**Directions for this task**
Without including any pictures, write out all the entries exactly.

[Items from a dataset]
┌──

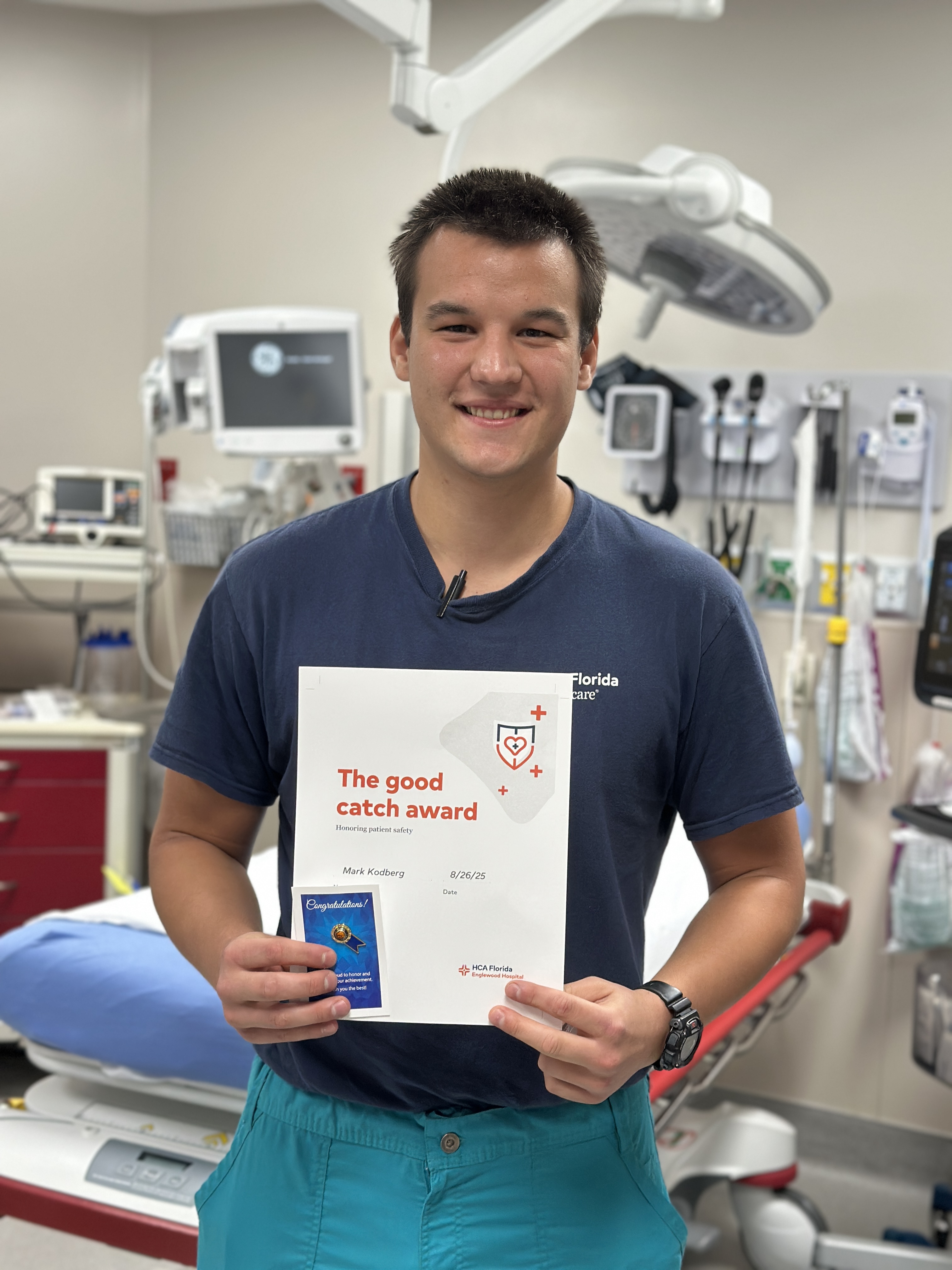 A male nurse stands in a hospital emergency department exam room, holding a certificate recognizing him for identifying stroke symptoms in a patient and helping initiate rapid treatment.
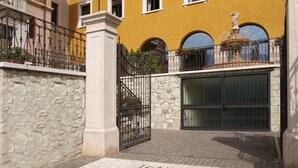 Una entrada de piedra con un portón de metal, un edificio amarillo con ventanales arqueados y una fuente.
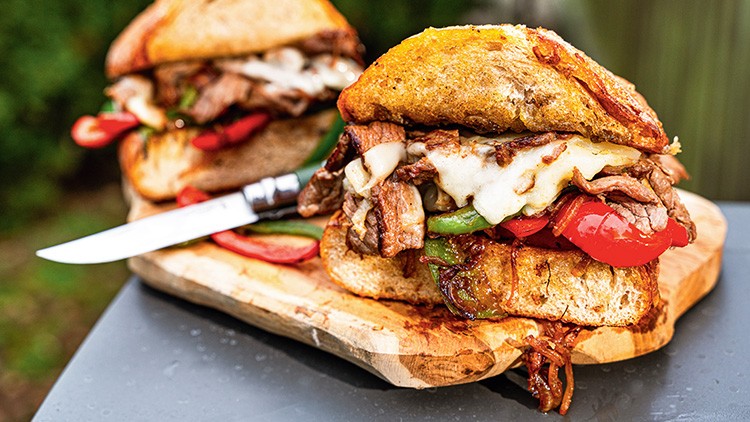 Frisches Sandwich mit gegrilltem Fleisch, geschmolzenem Käse, Paprika und Zwiebeln auf einem Holzteller mit Messer.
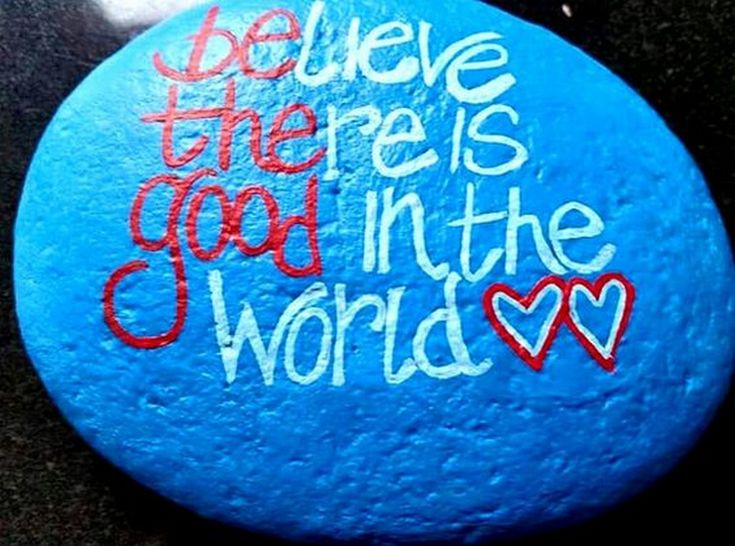 a painted rock with the words believe there is god in the world on it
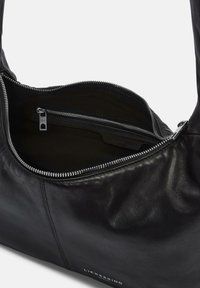Borsa a spalla in pelle nera con scomparto principale aperto che mostra una tasca interna con zip e dettagli in cerniera silver.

└──

**Response box**
 A male nurse stands in a hospital emergency department exam room, holding a certificate recognizing him for identifying stroke symptoms in a patient and helping initiate rapid treatment.
 Una entrada de piedra con un portón de metal, un edificio amarillo con ventanales arqueados y una fuente.
 Frisches Sandwich mit gegrilltem Fleisch, geschmolzenem Käse, Paprika und Zwiebeln auf einem Holzteller mit Messer.
 a painted rock with the words believe there is god in the world on it
Borsa a spalla in pelle nera con scomparto principale aperto che mostra una tasca interna con zip e dettagli in cerniera silver.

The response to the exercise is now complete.